4. The concrete material screening apparatus of claim 2, wherein said agitation mechanism further includes a lifting screw; a lifting discharge hole is formed in the side of the upper part of the stirring cavity and is positioned above the protruding part of the lower end of the stirring plate, and a lifting feed hole is formed in the side of the lower part of the stirring cavity; the lifting screw is rotatably arranged in the stirring cavity, and the outer side of the lifting screw is of a helical blade structure for lifting concrete materials.

5. The concrete material screening device of claim 1, wherein the lower end of the mixing chamber is drivingly connected with a crushing driving chamber, and a plurality of crushing blades with different lengths are circumferentially arranged on the outer side of the crushing driving chamber.

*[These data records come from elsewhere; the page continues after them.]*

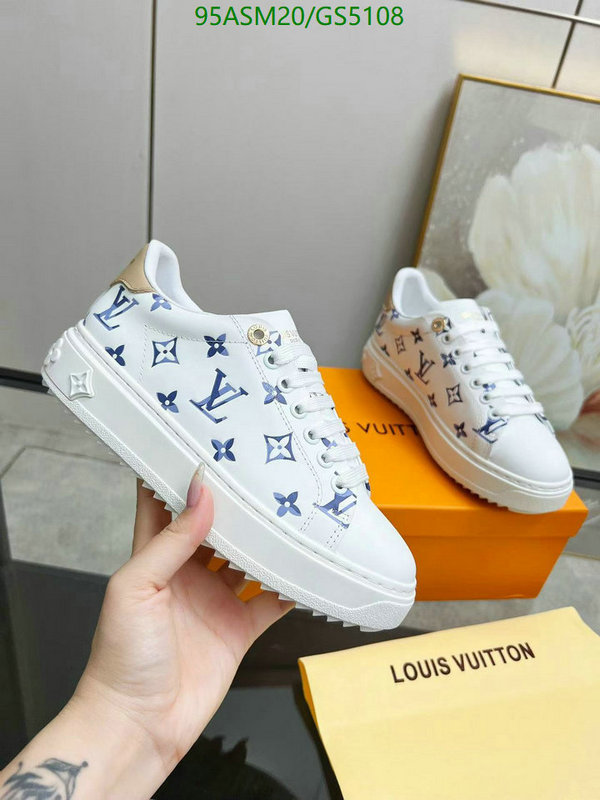 Women Shoes-LV Code: GS5018 $: 95USD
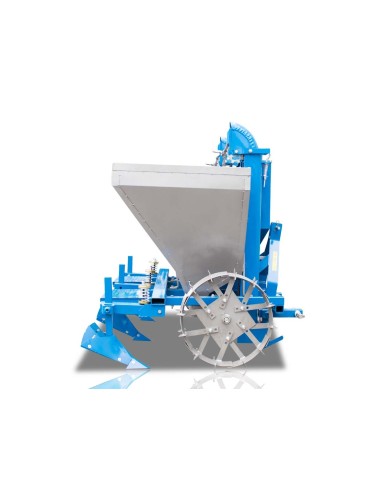 Πατατοφυτευτής Διπλής Σειράς + Κουτί...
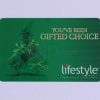 Lifestyle Gift Card - Rs. 500 Online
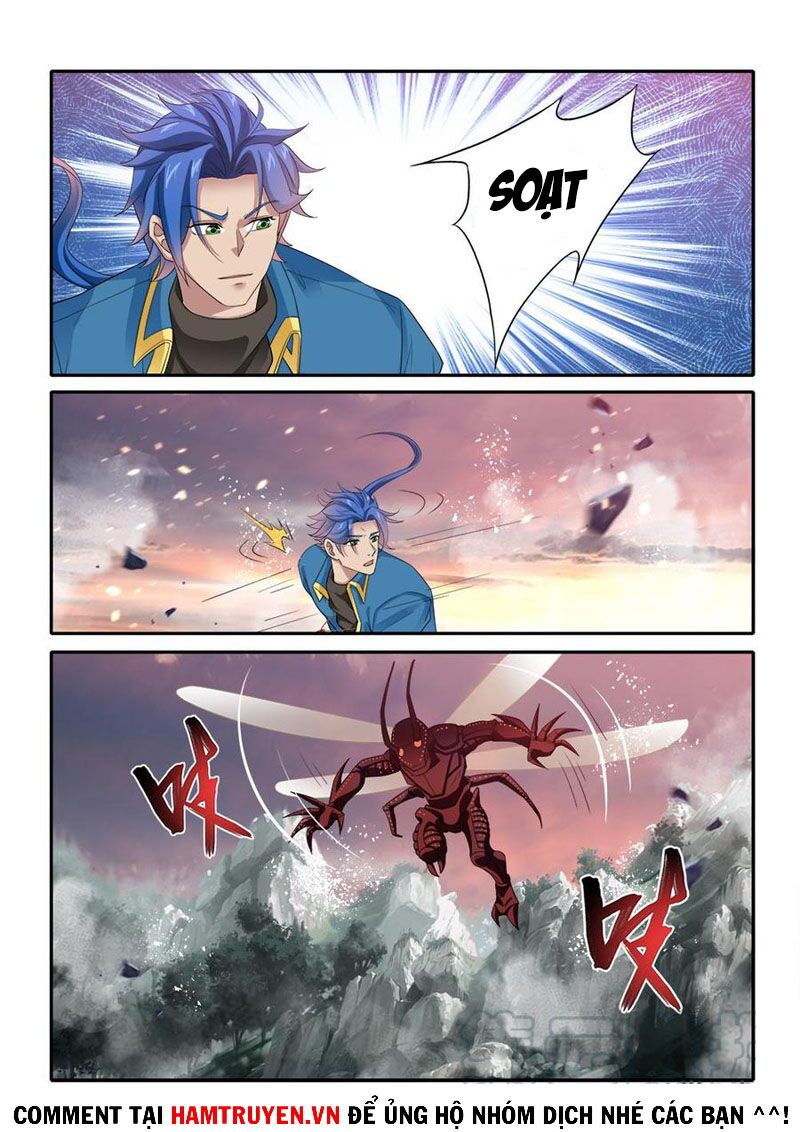 Cửu Tinh Thiên Thần Quyết: Chapter 274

6. The concrete material screening device of claim 1, wherein the concrete material screening device comprises a slag discharge mechanism, the slag discharge mechanism comprising a slag discharge chamber; one side of the lower end part of the inner screen body is provided with a slag discharging window, and the outer side of the slag discharging window is communicated with a slag discharging cavity; the outer end part of the slag discharging cavity extends out of the outer sieve shell; and a slag discharging valve plate opened through a slag discharging electric pole is arranged on the slag discharging cavity.

7. The concrete material screening device of claim 6, wherein the inner screen body is provided with a through plugging groove, the slag discharge mechanism further comprises a slag discharge plugging plate and a slag discharge plugging bidirectional electric pole, and the slag discharge plugging plate is arranged corresponding to the inside and the outside of the plugging groove; the deslagging plugging bidirectional electric pole is arranged on the outer screen shell and is positioned on the outer side of the inner screen body, and moving ends on two sides of the deslagging plugging bidirectional electric pole are respectively and correspondingly connected with the deslagging plugging plates on two corresponding sides; the inner side of the plugging groove is hinged with a plugging cover plate.

8. The concrete material screening device of claim 7, wherein a slag discharge closed groove is formed in the outer side of the lower portion of the stirring cavity, the slag discharge closed groove is located below the lifting feed inlet, and a slag discharge closed bearing is rotatably mounted in the slag discharge closed groove; the inner end part of the slag discharge plugging plate is of an arc-shaped structure and is arranged corresponding to the slag discharge sealing groove.

9. The concrete material screening apparatus of claim 6, wherein the inner end of the slag discharge plugging plate is provided with a plugging proximity switch.

10. The concrete material screening device of claim 6, wherein the deslagging plugging bidirectional electric pole is rotatably mounted on an outer screen shell through a dredging rotating plate, the outer screen shell is provided with a dredging steering motor, and a rotating power output end of the dredging steering motor is connected with a rotating power input end of the dredging rotating plate.